What you will do: Pictures are to be left out; every line from the one that holds "Chizimi Cotton 20/20" to the end of the data is to be retyped exactly.
++++ Provided records ++++
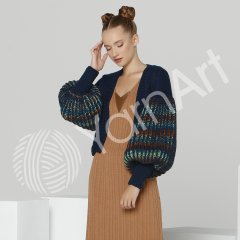 YARNART COLOR WAVE - EBRULİ EL ÖRGÜ İPİ EBRULİ - 111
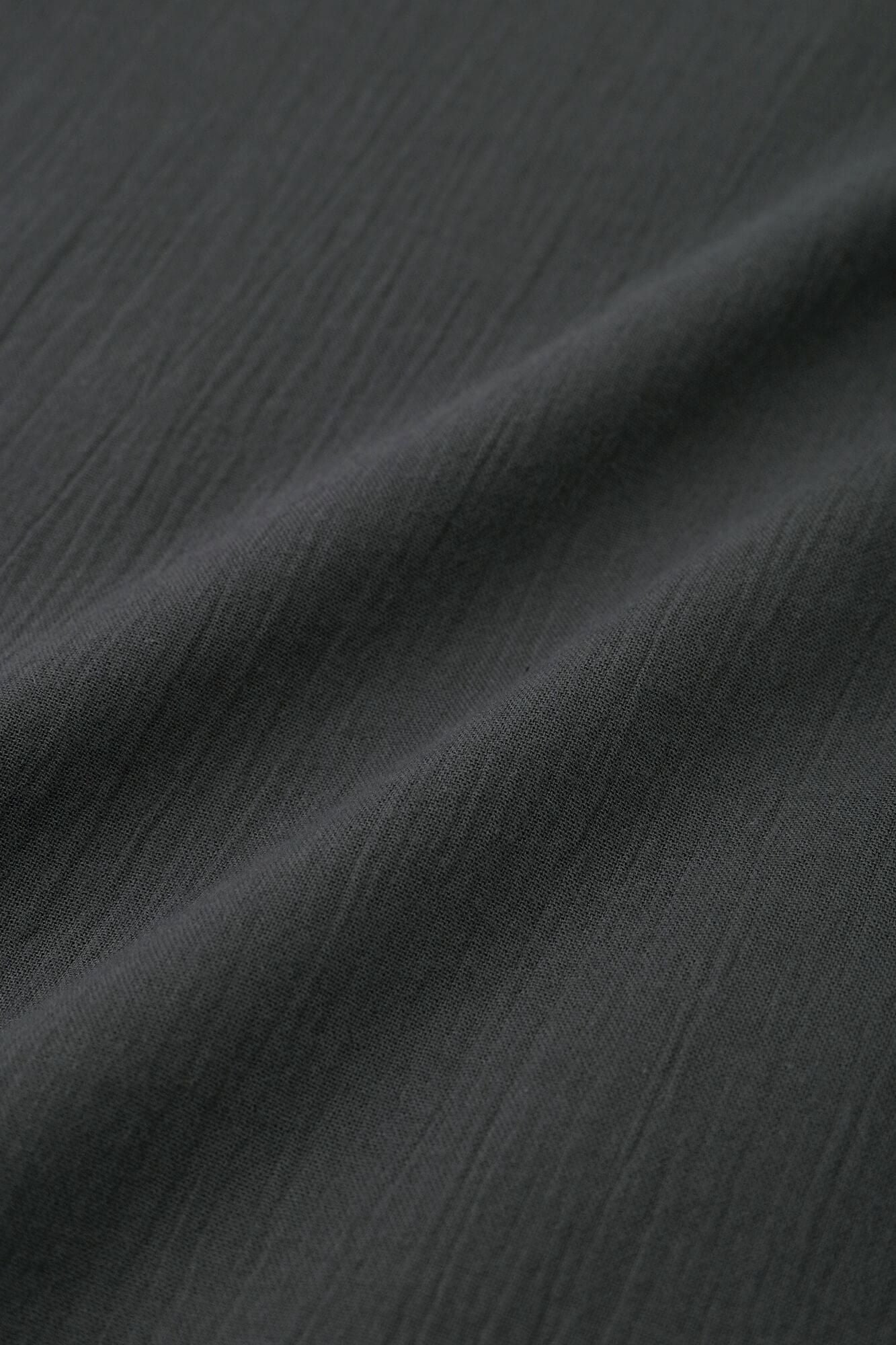 Chizimi Cotton 20/20 Elbow Length Sleeve Tunic / Dark Lead Color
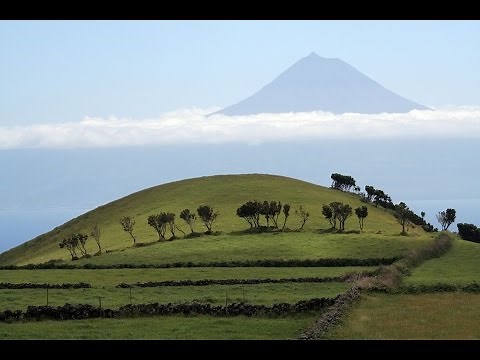 Pyramids of the Azores Islands in the Atlantic Ocean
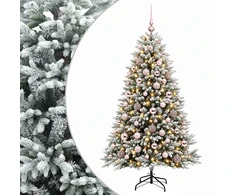 Dirbtinė Kalėdų eglutė su burbulais 240 cm 300 LED Šilta balta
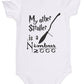 Jovigear My Other Stroller Is A Nimbus 2000' / Harry Potter Cute Baby Onesie Spell Bodysuit Romper (12M, White)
++++
Exercise answer:
 Chizimi Cotton 20/20 Elbow Length Sleeve Tunic / Dark Lead Color
 Pyramids of the Azores Islands in the Atlantic Ocean
 Dirbtinė Kalėdų eglutė su burbulais 240 cm 300 LED Šilta balta
 Jovigear My Other Stroller Is A Nimbus 2000' / Harry Potter Cute Baby Onesie Spell Bodysuit Romper (12M, White)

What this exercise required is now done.